Recently I encountered a situation where I wanted to move some content to a new WordPress installation (not this one) from a piece of forum software that hadn't been attended to or upgraded in, you know, half a decade or so. Normally I would hit Google to try and find a solution for a problem like this, but I figured my particular circumstances were sufficiently esoteric that I could likely sort it out more quickly on my own. And it became a convenient opportunity to test and flex some basic XSLT muscle memory.
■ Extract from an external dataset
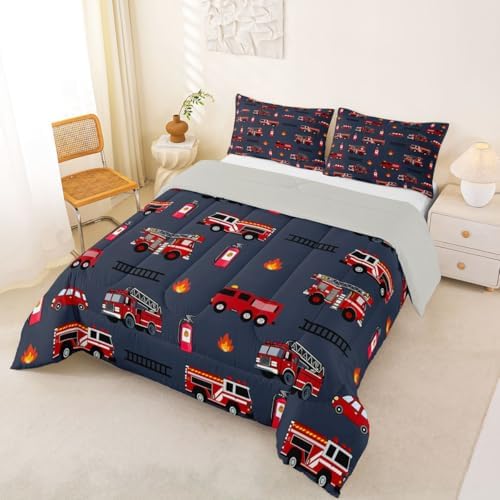 Feelyou Fire Truck Comforter Set King Size Emergency Fire Engine Bedding Set for Kids Boys Girls Firemen Car Vehicle Duvet Quilt Bedroom Decor Microfiber 3 Pcs with 2 Pillow Cases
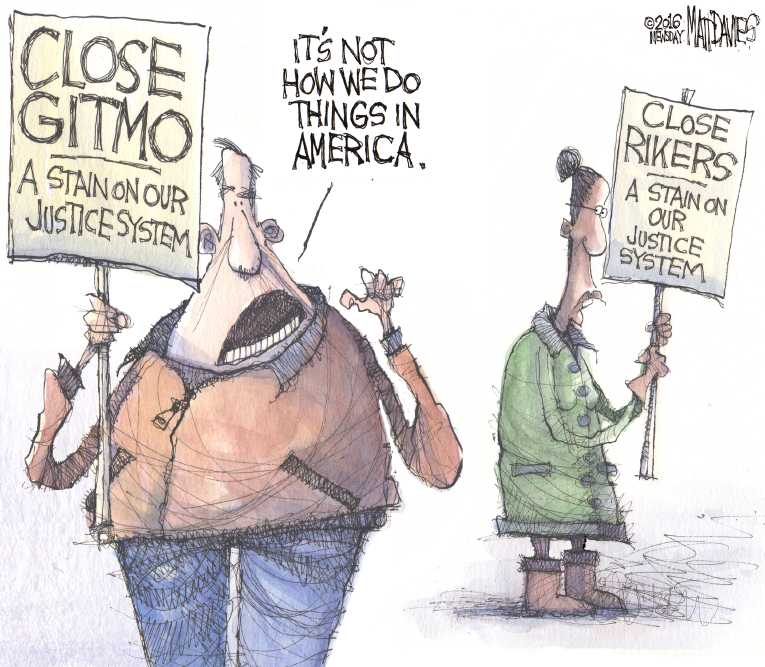 Political/Editorial Cartoon by Matt Davies, Journal News on President Proposes Gitmo Shutdown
In any data migration process the first questions you need to ask yourself are "where am I?" and "where am I going?" The answer to the first question was unambiguous: a MySQL database. The answer to the second question, writ large, was also a MySQL database. But as any self-respecting programmer knows, you can't just take some stuff from one database and insert it into another database willy-nilly without fully expecting to…well, break shit. Badly. So how does one get data into an application without directly injecting it into the database…and without first understanding every single interdependency in the entire database? i.e., a scope of knowledge that is unreasonable and unfeasible in this context. In the case of WordPress, the most obvious route seemed to be via the stock XML import/export plugin. So I had my migration path: MySQL DB(Database) XMLXSLT(WordPress) XML(WordPress) MySQL DB

Querying & exporting the data

The content of interest resided in two tables: topics & posts. It was a very simple SQL JOIN to extract the data I wanted (putting the data of greatest interest in the leading columns then everything else, often redundantly, after):

SELECT t.tid, t.title, t.description, t.starter_name,
    FROM_UNIXTIME(t.start_date) AS `unixtime_start_date`, p.post, t.*, p.*
FROM `ibf_1_1_2_topics` t INNER JOIN `ibf_1_1_2_posts` p
ON p.`topic_id` = t.`tid` AND p.`forum_id` = 1 AND p.`new_topic` = 1

This query got me all the data of interest, and I had executed the query in phpMyAdmin so exporting it as XML only took a couple more clicks. Here's an abbreviated and lorem-ipsum-ized version of the output: generic_database_export.xml

Transforming the data

So I had the (Database) XML and all I needed now was the XSLT to transform it to the (WordPress) XML for import. Being that I was working with zero knowledge of the WordPress XML import/export format, in order to construct the transform I exported as XML the default data that are created when you first install WordPress (i.e., the "Hello World" post) and used that as my target for the transform output. Here's the transform and here's the XML output.

Final thoughts

Quick & Dirty were very much the key words here. If I could have copy/pasted the content in question faster than I could have extracted and reconstituted and imported it, then this would have largely been an exercise in XSLT practice rather than a successful use of technology to simplify and expedite.